Les opposants à l’adhésion d’Ankara avaient annoncé qu’ils se feraient entendre à cette occasion. Mais, finalement, il n’en a rien été. Le groupe UDF a en effet retiré un amendement visant à supprimer la contribution française aux crédits de pré-adhésion. « Refuser les crédits aurait pu donner l’impression d’être un peu égoïste », justifie Anne-Marie Comparini. L’UDF a donc finalement voté l’article.

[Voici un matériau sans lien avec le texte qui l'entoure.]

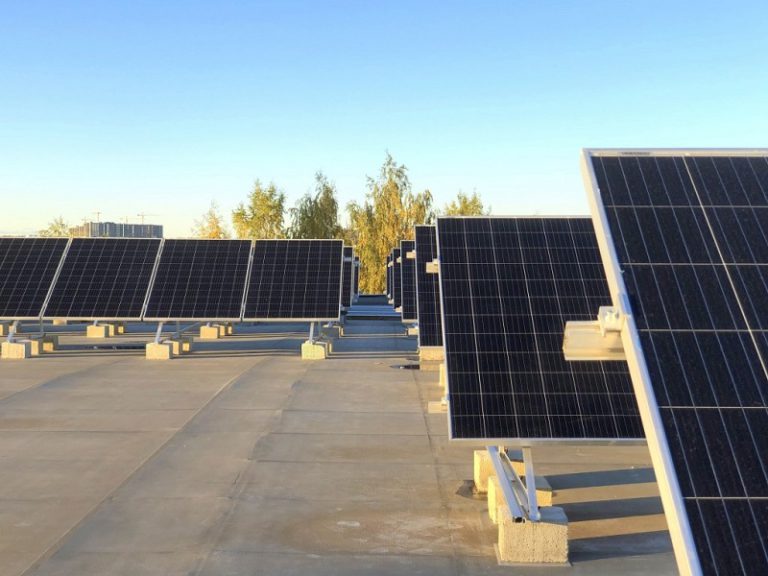 «ПрофХолод» установил 808 солнечных панелей на своем здании в Подмосковье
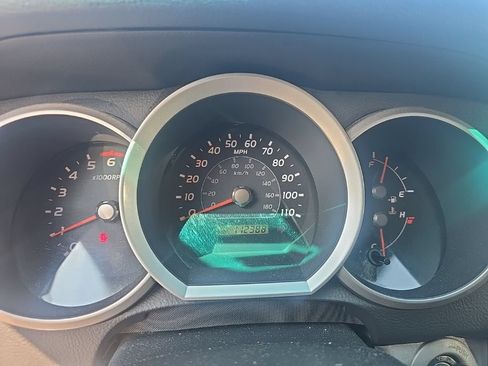 Used 2008 Toyota 4Runner SR5 w/ SR5 Extra Value Pkg 1 RWD image 14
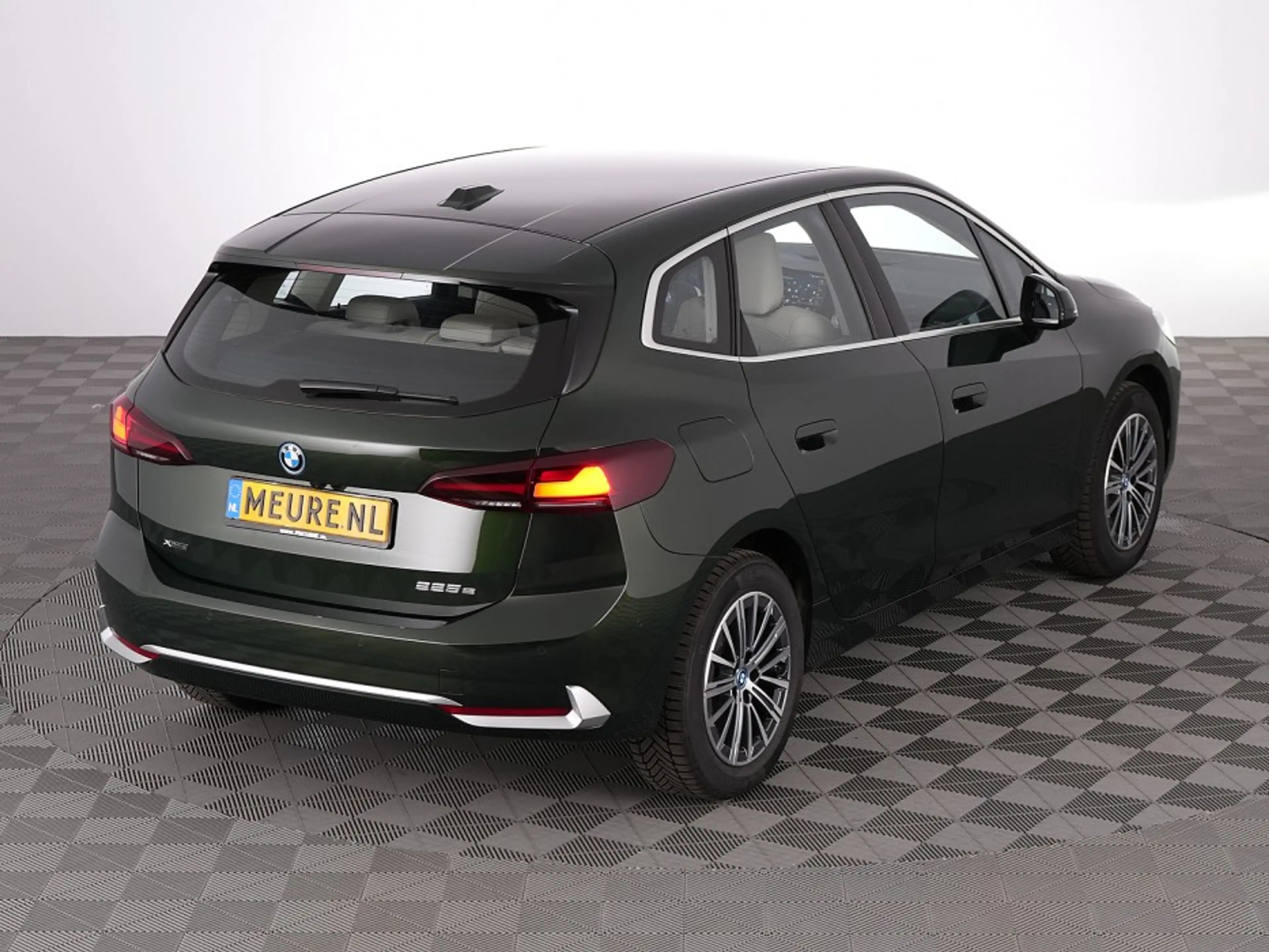 BMW 225 Active Tourer xDrive Luxury Line | LEDER | CAMERA — photo 24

Les partisans de François Bayrou préféreraient obtenir un vote sur une résolution indiquant les « deux voies » possibles pour la Turquie, c’est-à-dire l’adhésion ou le partenariat. Leur texte demande que « lors du Conseil européen du 17 décembre 2004 la France exige que les négociations avec la Turquie préservent la possibilité de conclure un accord de partenariat privilégié avec elle au lieu de la seule adhésion à l’Union européenne ». Pour pouvoir présenter son texte, l’UDF veut profiter d’une « proposition de règlement » concernant l’aide à la communauté chypriote turque, présentée par la Commission européenne en juillet.
La commission des affaires étrangères doit rendre fin novembre un rapport sur la proposition centriste. Le président du groupe UDF, Hervé Morin, disposera ensuite de huit jours pour demander l’inscription du texte à l’ordre du jour. A l’UDF, on ne veut pas croire que l’UMP puisse s’opposer à cette initiative, tant sur la forme que sur le fond. « Bernard Accoyer, le président du groupe UMP, dit la même chose que nous ! », explique-t-on. Quoi qu’il en soit, rien n’assure cependant que le vote, s’il a lieu, intervienne avant le 17 décembre.
Hier, dans l’hémicycle presque vide, l’heure n’était donc pas à la polémique. Mais les partis peinaient à masquer leurs divisions. Le ministre délégué aux Affaires européennes, Claudie Haigneré, a rappelé que la qualité de « pré-adhérent » ne préjugeait de rien. « Le terme est inapproprié », a cependant fait remarquer le député UMP de la Drôme, Hervé Mariton. Face à l’augmentation du budget européen dans les années à venir, le président de la commission des affaires étrangères, Edouard Balladur, a plaidé pour « une longue pause dans l’élargissement ». Mais seul le « souverainiste » UMP Jacques Myard a voté contre l’article.
A gauche, le PS a voté pour l’article, le PCF contre. Le rapporteur spécial de la commission des finances, Jean-Louis Dumont (PS), s’est contenté de souligner que l’éventuelle adhésion de la Turquie représenterait des dépenses supplémentaires de plus de 20 milliards d’euros par an. Des dépenses qui « remettraient en cause », selon lui, les politiques communes de l’UE.